In the entries below, find the line with "2024澳门天天开好彩大全2023_放松心情的绝佳选择_主页版v235.946" and the line with "Schéma conceptuel résumant"; reproduce those two lines and all lines between them exactly, without pictures.
BEGIN ENTRIES PROVIDED
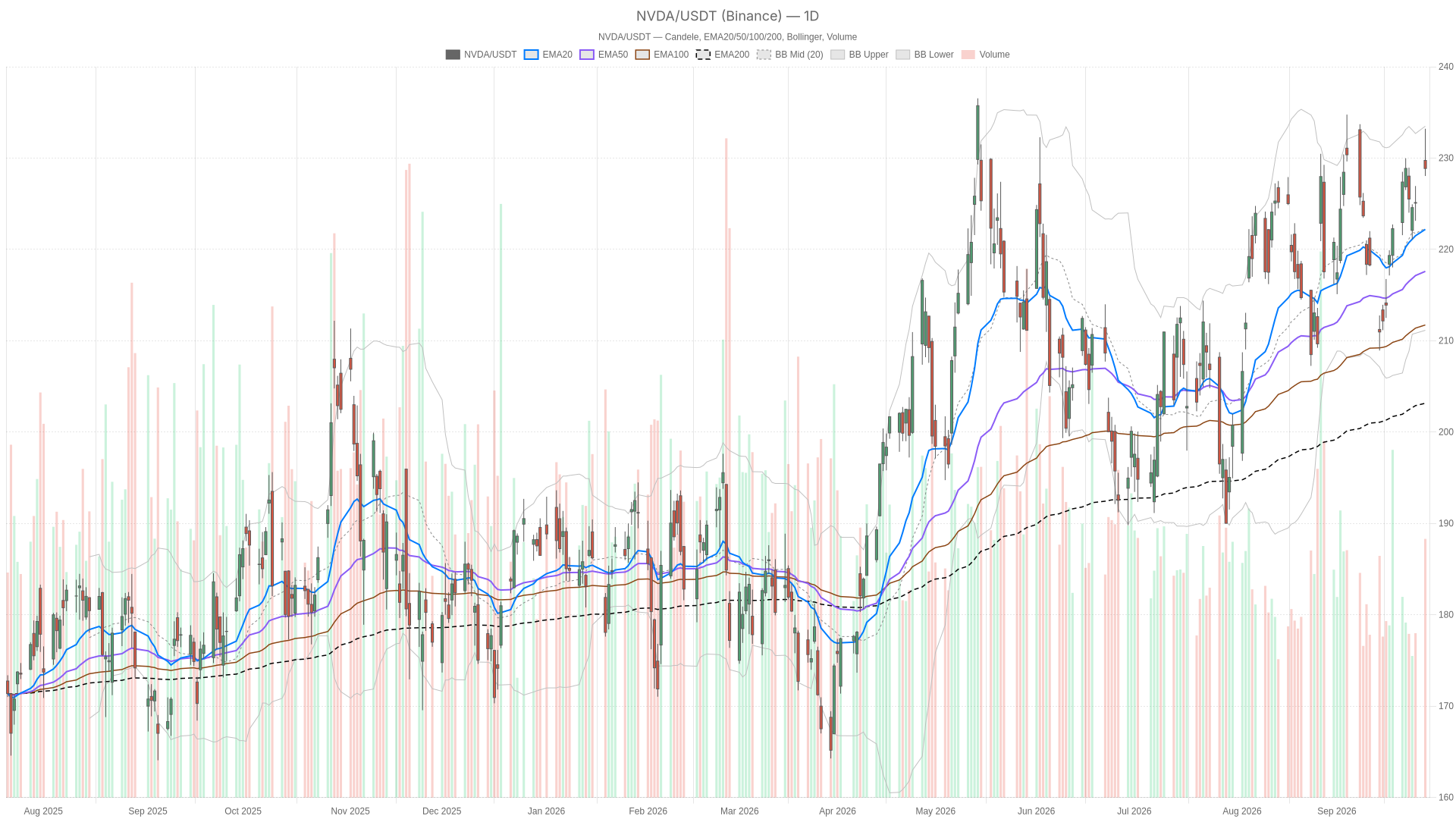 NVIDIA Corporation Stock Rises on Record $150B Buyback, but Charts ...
END ENTRIES PROVIDED
BEGIN ENTRIES PROVIDED
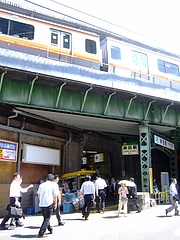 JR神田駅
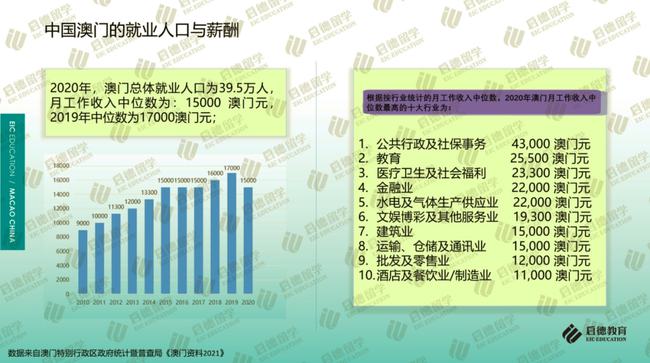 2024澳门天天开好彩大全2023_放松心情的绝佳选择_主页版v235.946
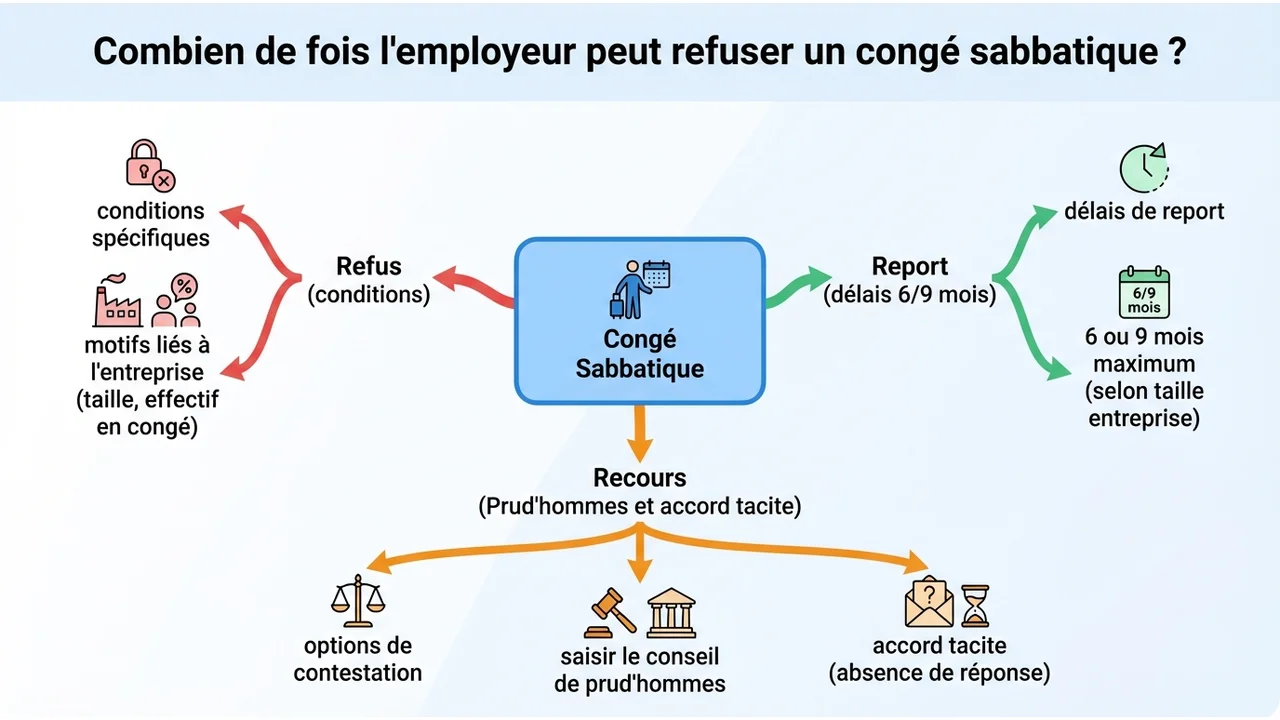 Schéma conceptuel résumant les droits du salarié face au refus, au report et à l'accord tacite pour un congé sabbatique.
END ENTRIES PROVIDED
BEGIN ENTRIES PROVIDED
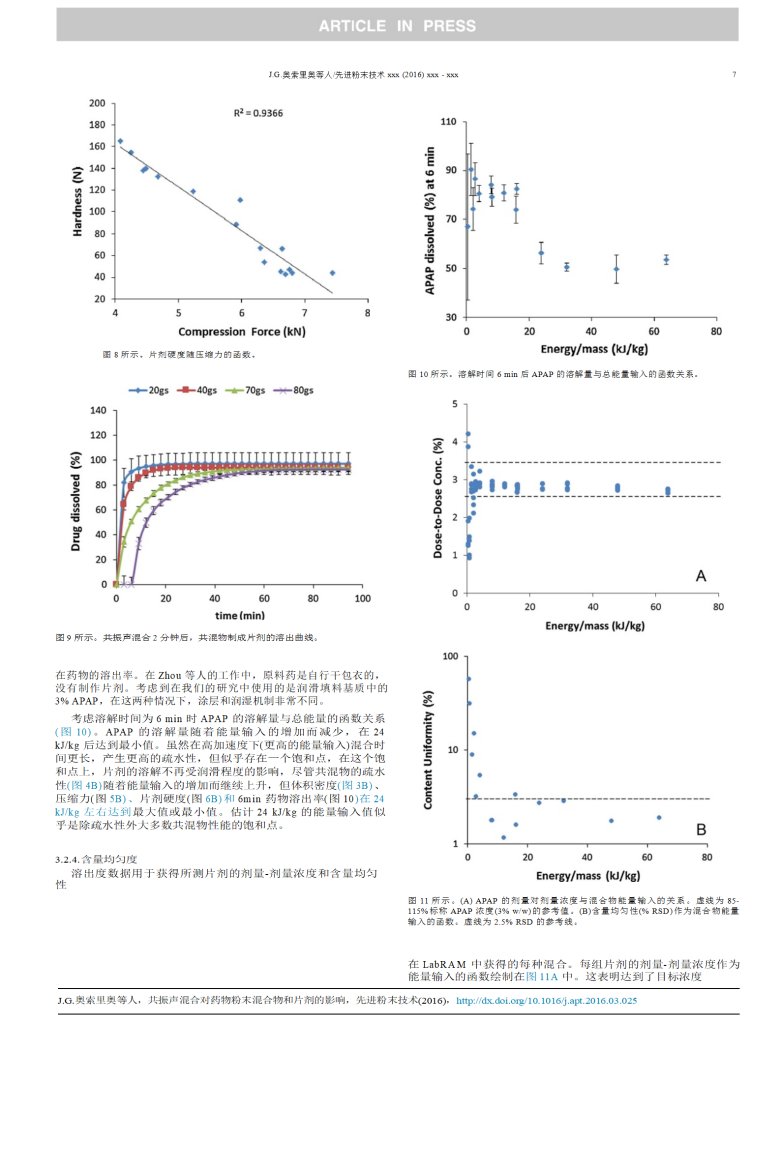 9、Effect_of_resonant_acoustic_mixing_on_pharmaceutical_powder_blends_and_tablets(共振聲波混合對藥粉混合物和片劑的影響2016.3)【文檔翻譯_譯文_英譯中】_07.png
END ENTRIES PROVIDED
_THE ANSWER_
 2024澳门天天开好彩大全2023_放松心情的绝佳选择_主页版v235.946
 Schéma conceptuel résumant les droits du salarié face au refus, au report et à l'accord tacite pour un congé sabbatique.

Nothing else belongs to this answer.